* WHAT TO PRODUCE
Each line from the one that holds "Woman with flowery mask" to the end of the records is to be retyped exactly. Pictures are not part of the copy.

RECORDS FOR THIS TASK below:

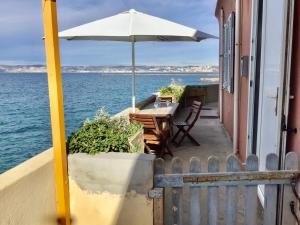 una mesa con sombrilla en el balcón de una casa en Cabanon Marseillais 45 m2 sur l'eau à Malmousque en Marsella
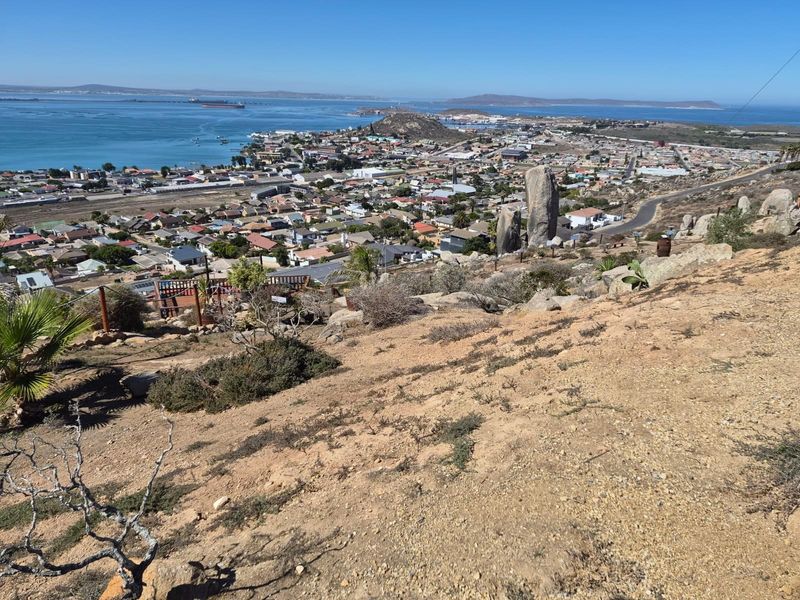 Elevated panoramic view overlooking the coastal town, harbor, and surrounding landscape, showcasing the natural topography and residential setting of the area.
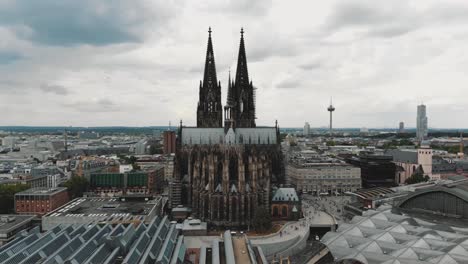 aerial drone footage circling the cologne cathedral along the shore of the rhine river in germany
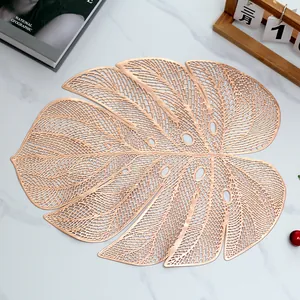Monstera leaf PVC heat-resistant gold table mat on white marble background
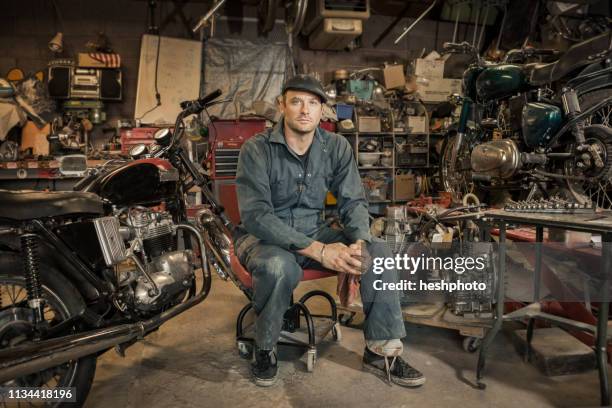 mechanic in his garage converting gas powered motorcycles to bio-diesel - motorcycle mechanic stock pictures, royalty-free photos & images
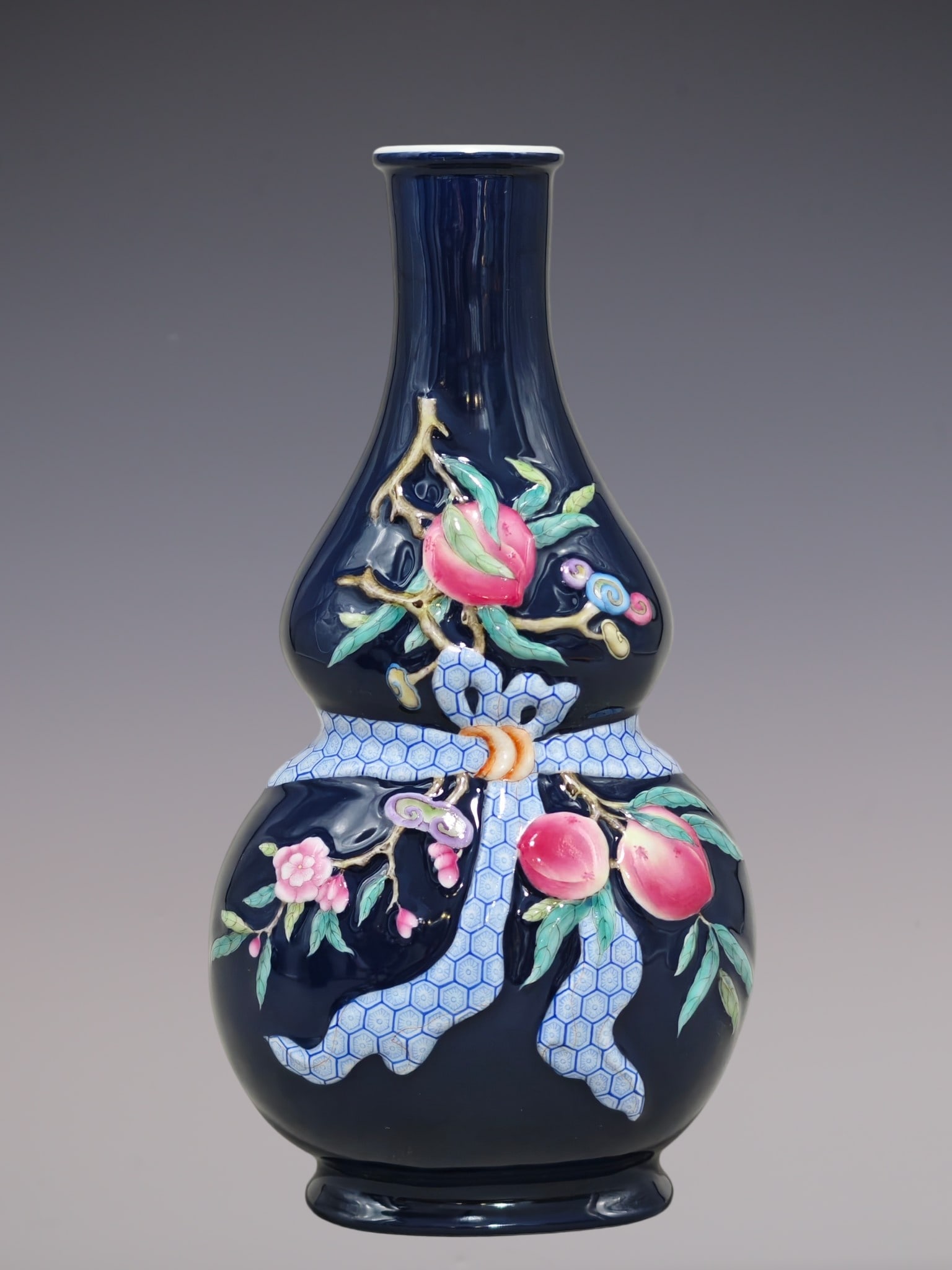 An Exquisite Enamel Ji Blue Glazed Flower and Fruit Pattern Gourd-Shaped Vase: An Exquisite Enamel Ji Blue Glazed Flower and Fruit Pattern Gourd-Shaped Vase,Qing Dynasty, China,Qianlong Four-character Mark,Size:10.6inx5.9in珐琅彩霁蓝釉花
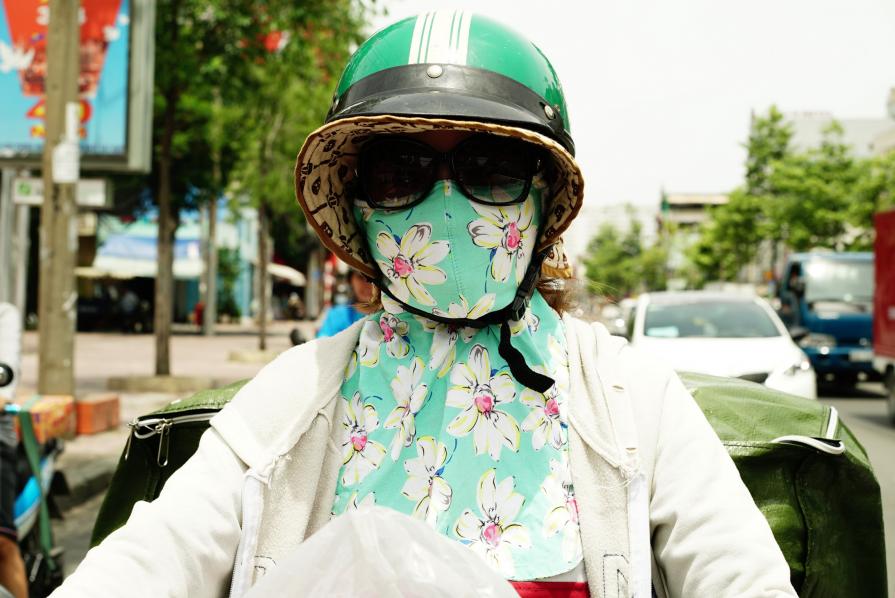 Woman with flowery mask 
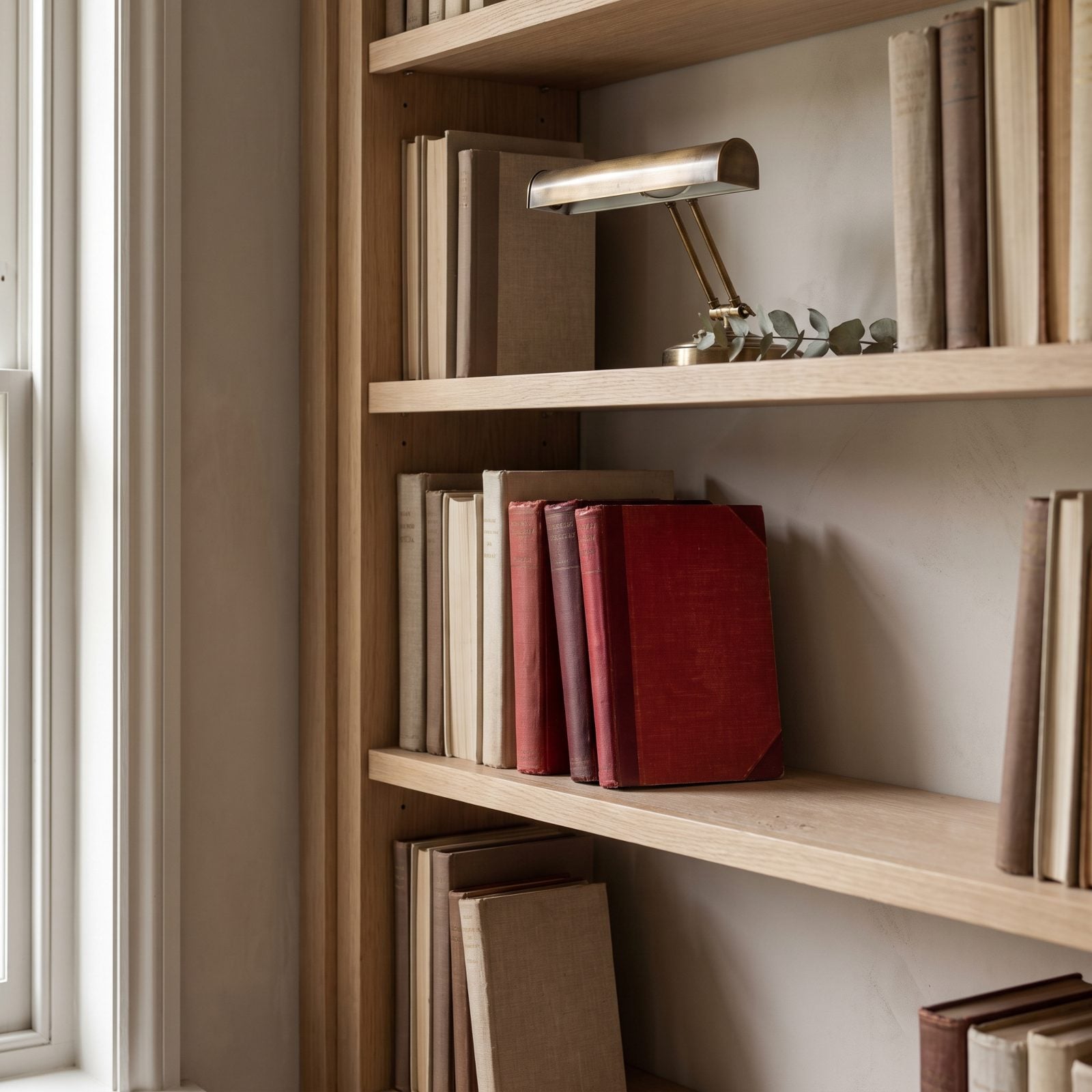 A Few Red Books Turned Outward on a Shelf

End of RECORDS FOR THIS TASK.

* SOLUTION
 Woman with flowery mask 
 A Few Red Books Turned Outward on a Shelf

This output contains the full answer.